#### Extracted data:

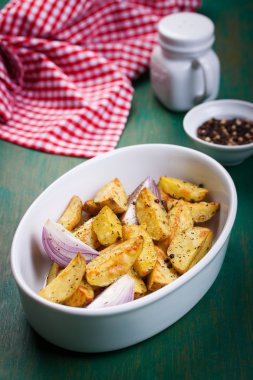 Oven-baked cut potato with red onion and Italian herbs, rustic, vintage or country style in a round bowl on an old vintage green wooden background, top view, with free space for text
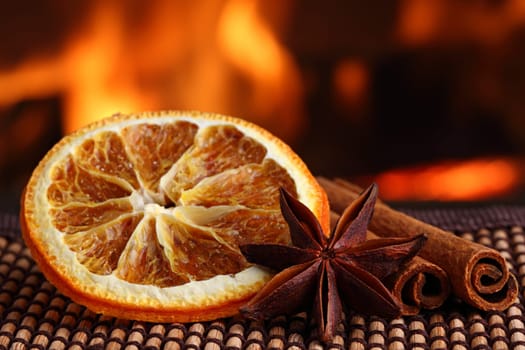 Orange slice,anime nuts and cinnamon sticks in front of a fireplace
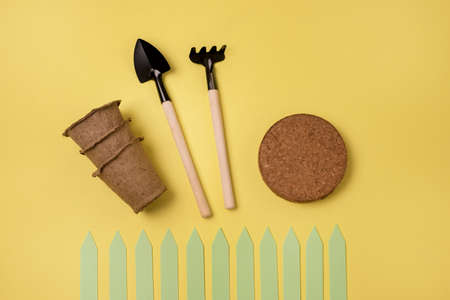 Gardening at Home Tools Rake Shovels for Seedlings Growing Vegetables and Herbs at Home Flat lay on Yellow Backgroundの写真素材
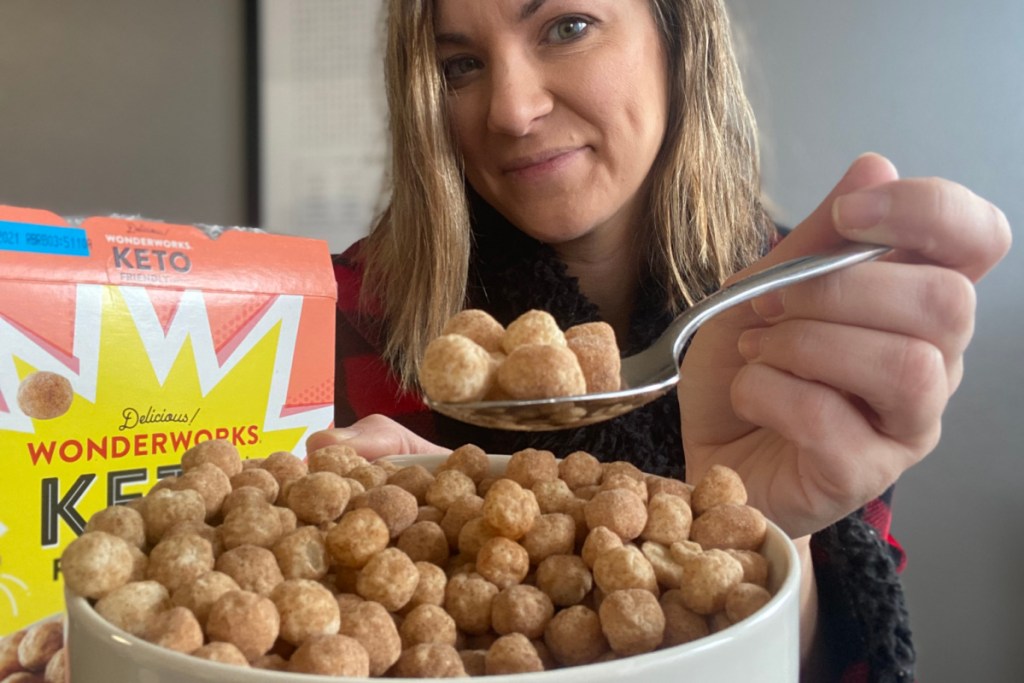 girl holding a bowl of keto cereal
---
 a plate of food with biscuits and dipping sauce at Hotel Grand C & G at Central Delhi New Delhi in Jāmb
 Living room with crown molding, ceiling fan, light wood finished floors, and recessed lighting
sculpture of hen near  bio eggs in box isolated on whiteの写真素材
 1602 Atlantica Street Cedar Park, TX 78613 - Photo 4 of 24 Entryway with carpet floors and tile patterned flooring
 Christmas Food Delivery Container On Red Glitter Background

#### Work task:
Beginning with the line above that contains "1602 Atlantica Street", copy each line exactly up to and including the line that contains "Christmas Food Delivery", and go no further.

#### Exercise result:
 1602 Atlantica Street Cedar Park, TX 78613 - Photo 4 of 24 Entryway with carpet floors and tile patterned flooring
 Christmas Food Delivery Container On Red Glitter Background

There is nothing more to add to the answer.